I have the same issue. Gunicorn with gevent, just a Google HTTP LB in front. (no Nginx, or other reverse proxy). Stuff works fine for weeks but once in a while I get:

Traceback (most recent call last):
  File "XXX/gunicorn/workers/base_async.py", line 65, in handle
    util.reraise(*sys.exc_info())
  File "XXX/gunicorn/util.py", line 625, in reraise
    raise value
  File "XXX/gunicorn/workers/base_async.py", line 48, in handle
    req = next(parser)
  File "XXX/gunicorn/http/parser.py", line 41, in __next__
    self.mesg = self.mesg_class(self.cfg, self.unreader, self.req_count)
  File "XXX/gunicorn/http/message.py", line 186, in __init__
    super().__init__(cfg, unreader)
  File "XXX/gunicorn/http/message.py", line 53, in __init__
    unused = self.parse(self.unreader)
  File "XXX/gunicorn/http/message.py", line 235, in parse
    self.headers = self.parse_headers(data[:idx])
  File "XXX/gunicorn/http/message.py", line 73, in parse_headers
    remote_addr = self.unreader.sock.getpeername()
OSError: [Errno 107] Transport endpoint is not connected

Gunicorn 20.0.4.

Fact that several people reported that his "happens under high load" or that, in my case, this thing happens "a few times per month" looks like this is some sort of race condition.

@JordanP fo you have any error on google side?

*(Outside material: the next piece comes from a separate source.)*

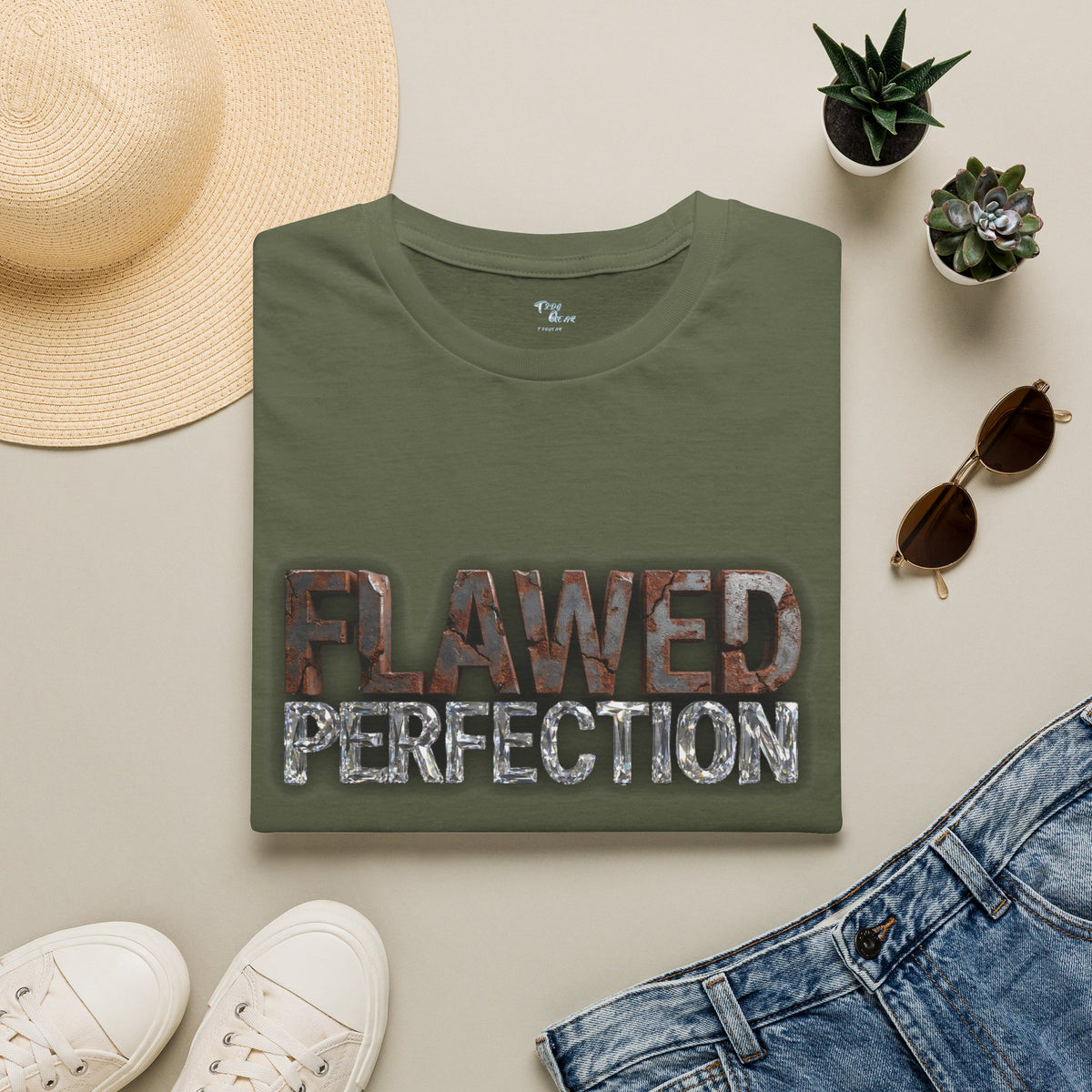 “Flawed Perfection” Men's Graphic Tee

How is send the ping from Google LB? Does it timeout on google LB side?

It's running in Kubernetes, the health check is an HTTP one, very conservative (timeout 5 sec, 10 consecutive failures before marking the containers dead).

On Google side, the HTTP LB in front of Gunicorn returned more than 40k 502 errors (in a couple of minutes) with the following raison: "backend_timeout":
image

I got 4 replicas (4 containers), they all crashed at ~the same time that night. So, it's a wild guess but maybe Google had to restart their load balancer to deploy a new version, a fix, whatever, it's all software after all, so the client (as seen by Gunicorm) may have disconnect in an unfriendly/not-expected way. Any way, Gunicorn should be resilient to whatever client situation happen.

Ignoring ENOTCONN looks okay-ish, it was discussed to do that directly in some modules of the Python stdlib, for some operations: https://bugs.python.org/issue30319#msg297643

Same error.

Traceback (most recent call last):
  File "/usr/local/lib/python3.7/site-packages/gunicorn/workers/sync.py", line 134, in handle
    req = six.next(parser)
  File "/usr/local/lib/python3.7/site-packages/gunicorn/http/parser.py", line 41, in __next__
    self.mesg = self.mesg_class(self.cfg, self.unreader, self.req_count)
  File "/usr/local/lib/python3.7/site-packages/gunicorn/http/message.py", line 181, in __init__
    super(Request, self).__init__(cfg, unreader)
  File "/usr/local/lib/python3.7/site-packages/gunicorn/http/message.py", line 54, in __init__
    unused = self.parse(self.unreader)
  File "/usr/local/lib/python3.7/site-packages/gunicorn/http/message.py", line 230, in parse
    self.headers = self.parse_headers(data[:idx])
  File "/usr/local/lib/python3.7/site-packages/gunicorn/http/message.py", line 74, in parse_headers
    remote_addr = self.unreader.sock.getpeername()
OSError: [Errno 107] Transport endpoint is not connected

Two flask apps (api and interface) in separate docker containers each running gunicorn. The error occurs in Chrome/Chromium (not firefox), when I post to the api via a form in the interface app. It might be connected to Chrome's preemptive TCP connections. Since nginx should be able to handle these, I have put it in front of the containers. Changes nothing.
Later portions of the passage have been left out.